Sixty years of Fondazione Bruno Kessler. The future asks us to allow for the communication of science

November 10, 2022

We, at Fondazione Bruno Kessler, celebrated our sixtieth birthday. Since it is an institution and not a person, it would not be an overstatement if we wrote "one thousand" instead of "one hundred of these days."

We celebrated it on Saturday, November 5, with a hybrid event – as we have learned to do over the past two and a half years – in person at the Teatro Sociale Theater in Trento and online on the Foundation’s Youtube channel.

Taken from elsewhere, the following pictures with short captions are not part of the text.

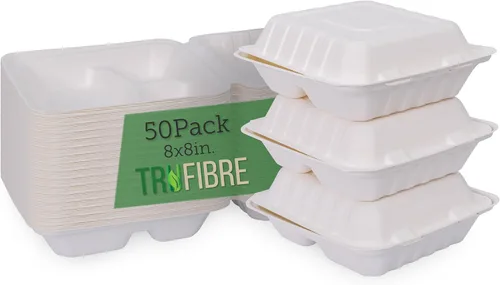 Vista 9 de Recipientes desechables blancos con tapas, cajas para llevar concha, pasteles bento, postres, sándwiches, recuerdos de fiesta, eventos, 6 x 6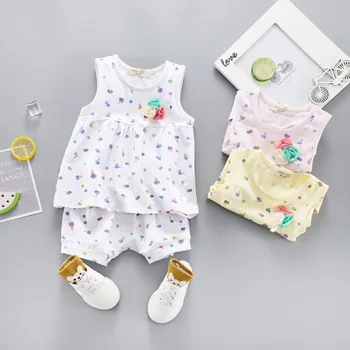 

Summer Girls Cotton Suit Kids Children Printing Vest Sleeve Shorts 2pcs/sets Toddler Fashion Infant Leisure Clothing Tracksuit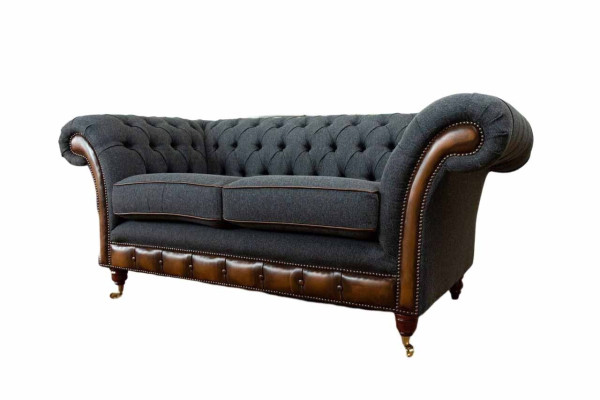 Sofa 2 Sitzer Design Sofas Polster Couchen Textil Chesterfield Zweisitzer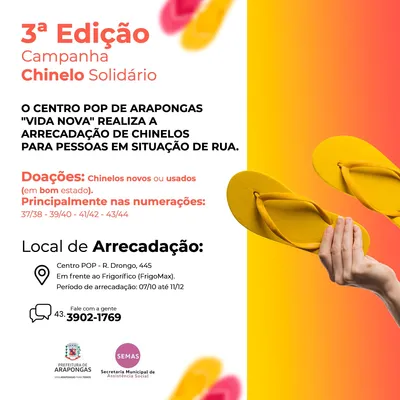 Imagem ilustrativa da imagem Centro Pop de Arapongas realiza campanha Chinelo Solidário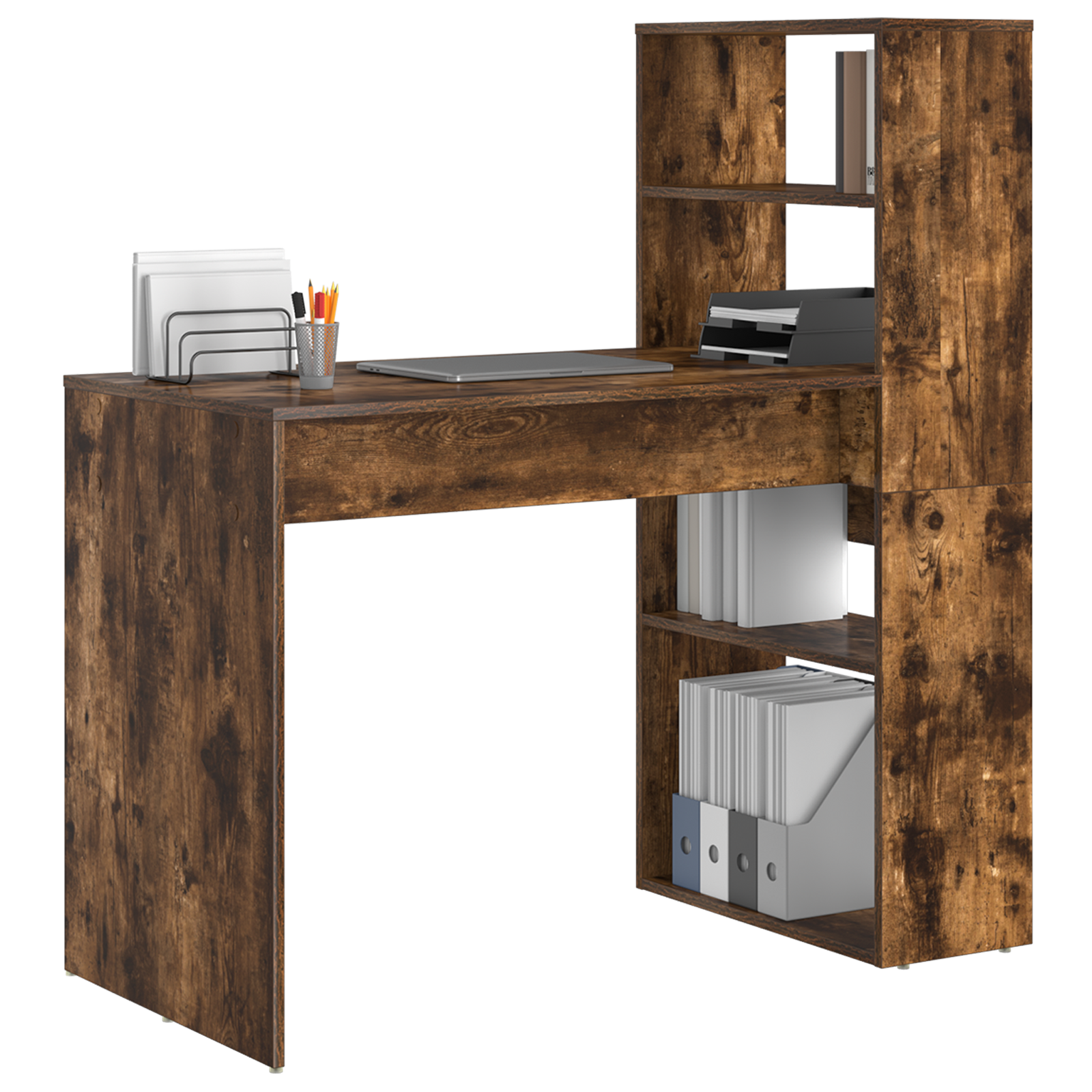 Desk with Storage Smoked Oak 113x54x120 cm Engineered Wood - Image 3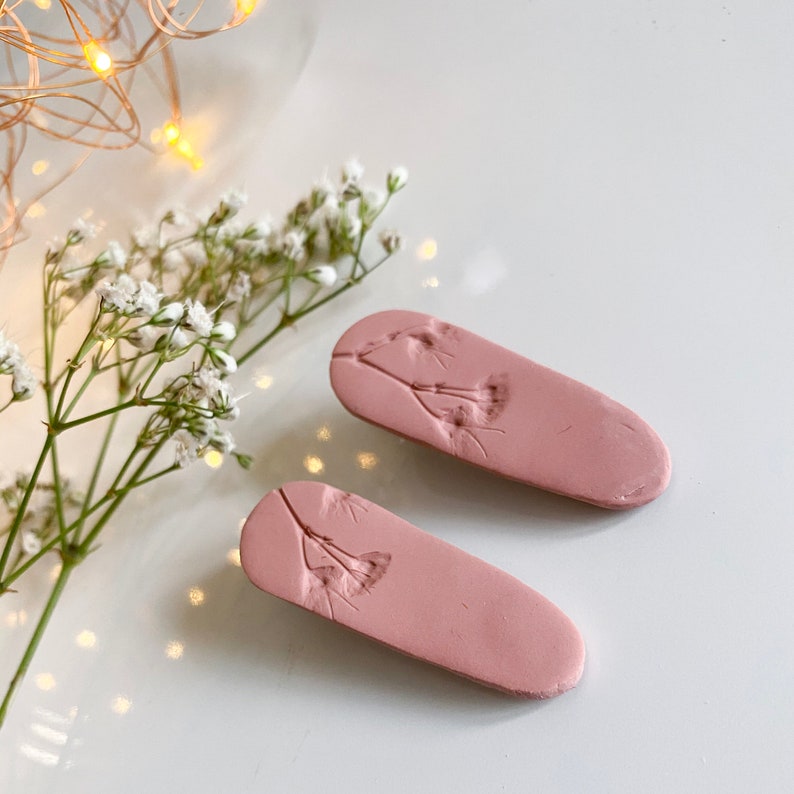 Hair clip handmade polymer clay botanical design hair accessories alligator clip made in the UK barrettes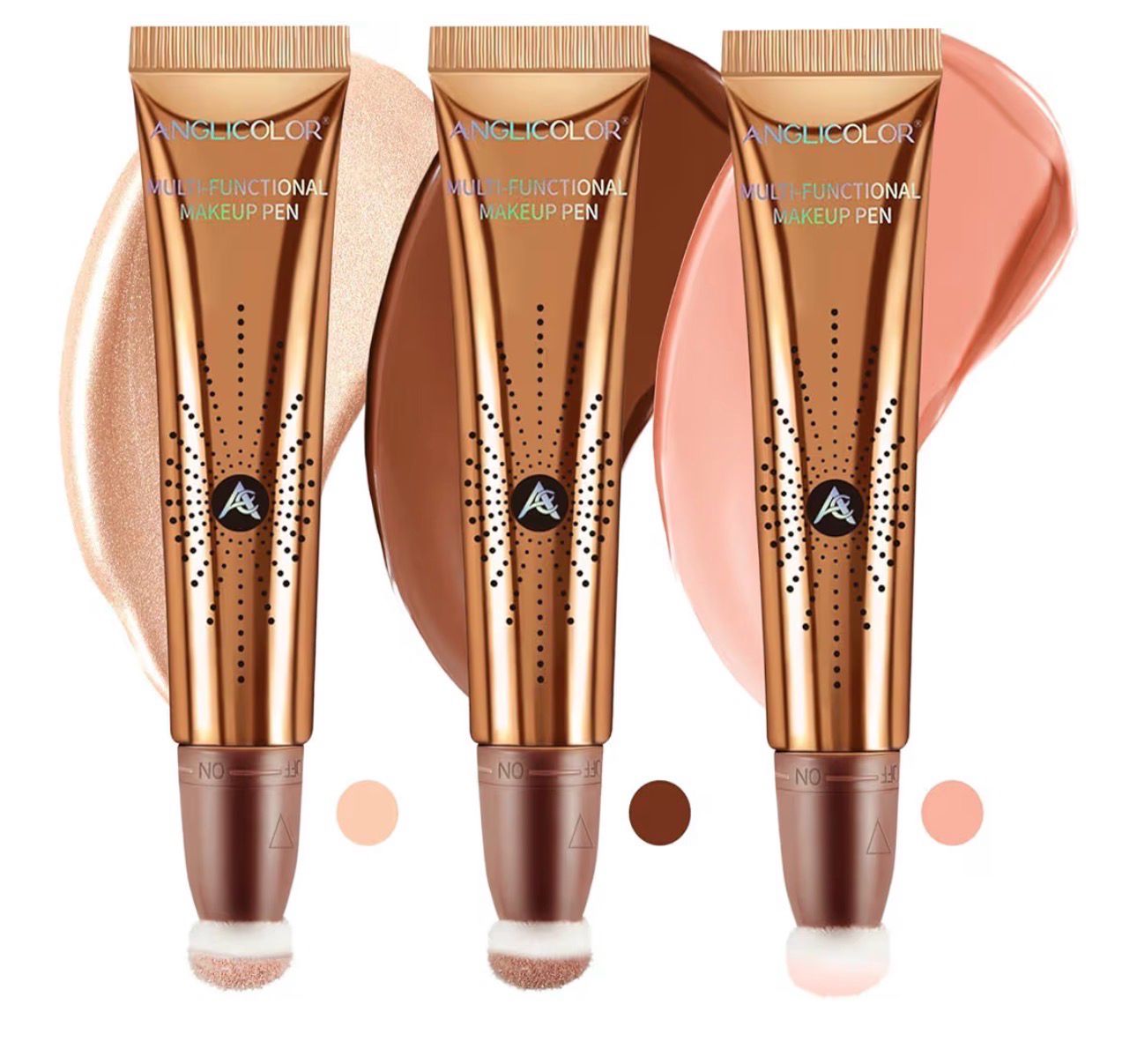 Angicolour Cream Bronzer, Lightweight Contour Stick, Blends Well, Liquid Blush, Contour, Highlighter, Long Lasting, Smooth, Waterproof, Vegan &amp; Cruelty-free, 12 mL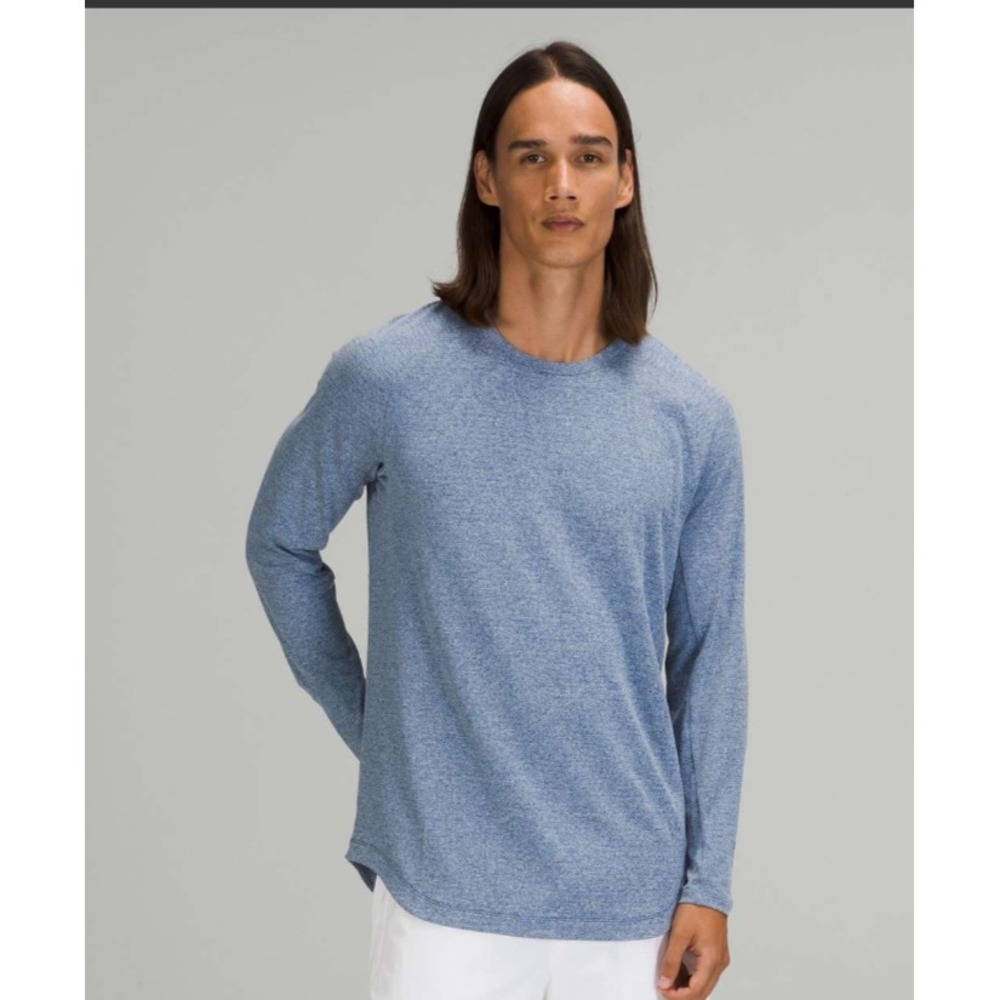 Lululemon Drysense Long Sleeve Shirt Blue Heathered Training Top Mens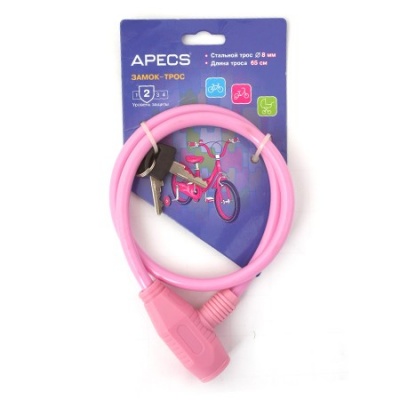 Замок велосипедный Apecs PD-81-65см -PINK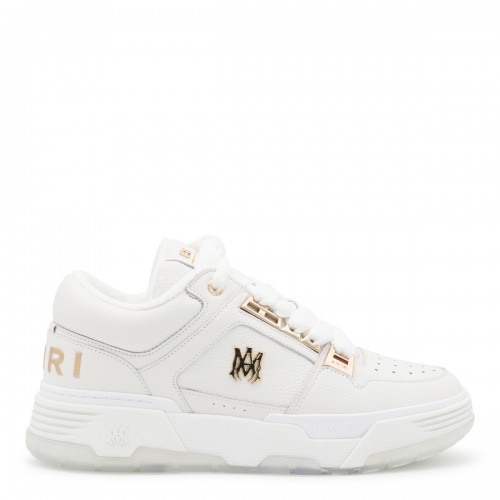 WHITE LEATHER METALLIC MA-1 SNEAKERS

We listened to many authoritative voices reasoning about the past, present and future of research; the many voices meant as many stimuli, and here we take just one. “Knowledge is exempt from duty,” said FBK President Francesco Profumo to introduce the topic of the internationality of research.  An unchallengeable statement, which brought to mind an aphorism by George Bernard Shaw: “If you have an apple, and I have an apple, and we exchange them, then you and I always have one apple. But if you have an idea, and I have an idea, and we exchange them, then we both have two ideas.”

Just to give credit to the pen to which we owe this aphorism, Shaw was able to win both the Nobel Prize in Literature (1925) and the Oscar for best non-original screenplay for the film Pygmalion (1939)… in short, he knew a lot about knowledge.

The two points are crucial for those of us who are involved in research and it would be advisable that it became crucial on an ever larger scale: truly, knowledge is capable, like nothing else, of moving beyond all frontiers and enriching anyone who taps into its source. Just think of the innovation impact to the advancement of knowledge ensured by the many researchers engaged in hard, human and social sciences who fled Nazi Germany and were able to make their contributions despite exile.

Researchers have a heavy responsibility: to affirm and remember the freedom and strength of their work in different contexts and ways, with languages that can speak to anyone. Let us keep this critical point in mind when reasoning about the future of research, both for those involved in it here and now, and for the new generations, who will find themselves responding to the urgencies typical of any educational journey. A focus on finding appropriate, correct and effective ways of communicating science is needed and will be needed. We are not afraid of complexity; let us learn to explain it, though: it is one of our tasks.